*Exercise goal*
The required output is the exact run of lines below that opens at the line with "Cute blond girl" and closes at the line with "Experience the perfect".

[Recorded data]

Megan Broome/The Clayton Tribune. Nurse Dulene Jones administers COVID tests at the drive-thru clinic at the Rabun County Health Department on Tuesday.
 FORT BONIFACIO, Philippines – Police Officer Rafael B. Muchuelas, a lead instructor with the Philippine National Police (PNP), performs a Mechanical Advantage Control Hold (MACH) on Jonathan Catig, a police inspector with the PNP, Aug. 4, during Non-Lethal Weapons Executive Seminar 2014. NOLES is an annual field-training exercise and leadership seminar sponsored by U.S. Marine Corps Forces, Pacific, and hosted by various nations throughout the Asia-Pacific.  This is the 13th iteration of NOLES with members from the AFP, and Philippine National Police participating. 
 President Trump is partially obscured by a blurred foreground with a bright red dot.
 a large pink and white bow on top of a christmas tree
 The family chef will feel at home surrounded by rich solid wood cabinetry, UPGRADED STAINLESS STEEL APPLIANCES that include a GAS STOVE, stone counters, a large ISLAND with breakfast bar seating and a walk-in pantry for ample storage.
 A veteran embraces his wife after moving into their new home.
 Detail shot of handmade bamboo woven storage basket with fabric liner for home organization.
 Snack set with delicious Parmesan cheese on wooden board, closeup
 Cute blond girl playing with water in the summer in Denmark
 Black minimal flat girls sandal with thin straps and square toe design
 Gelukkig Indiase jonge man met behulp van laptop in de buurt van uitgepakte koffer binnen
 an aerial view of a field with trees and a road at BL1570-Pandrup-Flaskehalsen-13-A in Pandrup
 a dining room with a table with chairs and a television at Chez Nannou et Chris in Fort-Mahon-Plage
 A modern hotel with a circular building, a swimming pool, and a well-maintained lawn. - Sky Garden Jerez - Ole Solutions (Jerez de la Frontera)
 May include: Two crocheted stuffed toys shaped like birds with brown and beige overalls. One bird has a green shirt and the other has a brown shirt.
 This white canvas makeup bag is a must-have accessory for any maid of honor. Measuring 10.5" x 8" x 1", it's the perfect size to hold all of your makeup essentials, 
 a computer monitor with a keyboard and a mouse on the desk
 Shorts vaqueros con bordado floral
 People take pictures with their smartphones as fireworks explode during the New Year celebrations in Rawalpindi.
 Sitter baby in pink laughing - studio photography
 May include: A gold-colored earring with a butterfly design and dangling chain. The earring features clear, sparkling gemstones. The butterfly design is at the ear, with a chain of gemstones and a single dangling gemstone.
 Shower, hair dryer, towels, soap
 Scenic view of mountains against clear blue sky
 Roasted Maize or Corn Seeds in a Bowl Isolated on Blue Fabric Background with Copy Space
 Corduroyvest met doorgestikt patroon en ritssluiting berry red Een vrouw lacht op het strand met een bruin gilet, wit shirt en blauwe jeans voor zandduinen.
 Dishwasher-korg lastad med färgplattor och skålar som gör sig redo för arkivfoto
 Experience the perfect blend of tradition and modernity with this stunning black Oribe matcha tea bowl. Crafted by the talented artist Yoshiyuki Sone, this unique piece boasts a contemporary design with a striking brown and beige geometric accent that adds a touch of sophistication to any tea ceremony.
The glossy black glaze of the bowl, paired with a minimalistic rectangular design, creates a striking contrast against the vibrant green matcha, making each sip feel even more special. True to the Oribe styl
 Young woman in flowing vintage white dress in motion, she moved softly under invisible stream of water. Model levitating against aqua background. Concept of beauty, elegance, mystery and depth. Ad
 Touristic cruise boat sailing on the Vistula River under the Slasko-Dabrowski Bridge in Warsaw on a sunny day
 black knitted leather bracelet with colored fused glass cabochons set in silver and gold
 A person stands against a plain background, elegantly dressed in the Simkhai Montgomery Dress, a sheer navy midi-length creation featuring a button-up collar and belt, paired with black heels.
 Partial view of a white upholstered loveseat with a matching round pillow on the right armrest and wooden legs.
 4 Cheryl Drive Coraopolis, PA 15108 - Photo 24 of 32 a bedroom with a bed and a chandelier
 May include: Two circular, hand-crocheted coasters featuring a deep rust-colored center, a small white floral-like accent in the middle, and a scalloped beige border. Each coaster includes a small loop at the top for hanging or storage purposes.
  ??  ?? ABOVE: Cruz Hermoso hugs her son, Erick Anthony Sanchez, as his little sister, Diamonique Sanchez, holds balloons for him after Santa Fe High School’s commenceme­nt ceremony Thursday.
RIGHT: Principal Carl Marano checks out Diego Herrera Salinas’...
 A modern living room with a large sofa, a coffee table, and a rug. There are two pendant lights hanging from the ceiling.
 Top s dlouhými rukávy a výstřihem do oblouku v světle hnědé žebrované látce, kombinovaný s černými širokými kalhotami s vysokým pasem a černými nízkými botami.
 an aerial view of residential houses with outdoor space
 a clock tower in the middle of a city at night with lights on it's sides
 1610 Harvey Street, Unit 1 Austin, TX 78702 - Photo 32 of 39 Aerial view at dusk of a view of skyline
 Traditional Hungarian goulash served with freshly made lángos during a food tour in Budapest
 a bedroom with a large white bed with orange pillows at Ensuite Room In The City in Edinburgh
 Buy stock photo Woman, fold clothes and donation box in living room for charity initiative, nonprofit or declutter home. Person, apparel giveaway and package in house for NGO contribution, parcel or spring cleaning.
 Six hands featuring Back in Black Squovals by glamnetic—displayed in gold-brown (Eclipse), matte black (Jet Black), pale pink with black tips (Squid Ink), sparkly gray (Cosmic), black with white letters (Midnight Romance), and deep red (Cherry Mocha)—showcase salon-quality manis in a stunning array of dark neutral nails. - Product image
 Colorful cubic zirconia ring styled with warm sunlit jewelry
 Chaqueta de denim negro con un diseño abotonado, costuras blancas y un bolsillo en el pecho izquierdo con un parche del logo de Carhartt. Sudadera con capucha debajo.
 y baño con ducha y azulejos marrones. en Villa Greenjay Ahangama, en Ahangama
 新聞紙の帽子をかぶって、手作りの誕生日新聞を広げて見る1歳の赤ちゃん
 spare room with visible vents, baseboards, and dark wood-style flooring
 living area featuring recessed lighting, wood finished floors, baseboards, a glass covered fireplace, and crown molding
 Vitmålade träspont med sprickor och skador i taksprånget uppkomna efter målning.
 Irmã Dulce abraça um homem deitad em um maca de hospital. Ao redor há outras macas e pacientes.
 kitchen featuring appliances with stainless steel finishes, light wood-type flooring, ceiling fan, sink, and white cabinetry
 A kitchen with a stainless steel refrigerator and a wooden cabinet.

*Result*
 Cute blond girl playing with water in the summer in Denmark
 Black minimal flat girls sandal with thin straps and square toe design
 Gelukkig Indiase jonge man met behulp van laptop in de buurt van uitgepakte koffer binnen
 an aerial view of a field with trees and a road at BL1570-Pandrup-Flaskehalsen-13-A in Pandrup
 a dining room with a table with chairs and a television at Chez Nannou et Chris in Fort-Mahon-Plage
 A modern hotel with a circular building, a swimming pool, and a well-maintained lawn. - Sky Garden Jerez - Ole Solutions (Jerez de la Frontera)
 May include: Two crocheted stuffed toys shaped like birds with brown and beige overalls. One bird has a green shirt and the other has a brown shirt.
 This white canvas makeup bag is a must-have accessory for any maid of honor. Measuring 10.5" x 8" x 1", it's the perfect size to hold all of your makeup essentials, 
 a computer monitor with a keyboard and a mouse on the desk
 Shorts vaqueros con bordado floral
 People take pictures with their smartphones as fireworks explode during the New Year celebrations in Rawalpindi.
 Sitter baby in pink laughing - studio photography
 May include: A gold-colored earring with a butterfly design and dangling chain. The earring features clear, sparkling gemstones. The butterfly design is at the ear, with a chain of gemstones and a single dangling gemstone.
 Shower, hair dryer, towels, soap
 Scenic view of mountains against clear blue sky
 Roasted Maize or Corn Seeds in a Bowl Isolated on Blue Fabric Background with Copy Space
 Corduroyvest met doorgestikt patroon en ritssluiting berry red Een vrouw lacht op het strand met een bruin gilet, wit shirt en blauwe jeans voor zandduinen.
 Dishwasher-korg lastad med färgplattor och skålar som gör sig redo för arkivfoto
 Experience the perfect blend of tradition and modernity with this stunning black Oribe matcha tea bowl. Crafted by the talented artist Yoshiyuki Sone, this unique piece boasts a contemporary design with a striking brown and beige geometric accent that adds a touch of sophistication to any tea ceremony.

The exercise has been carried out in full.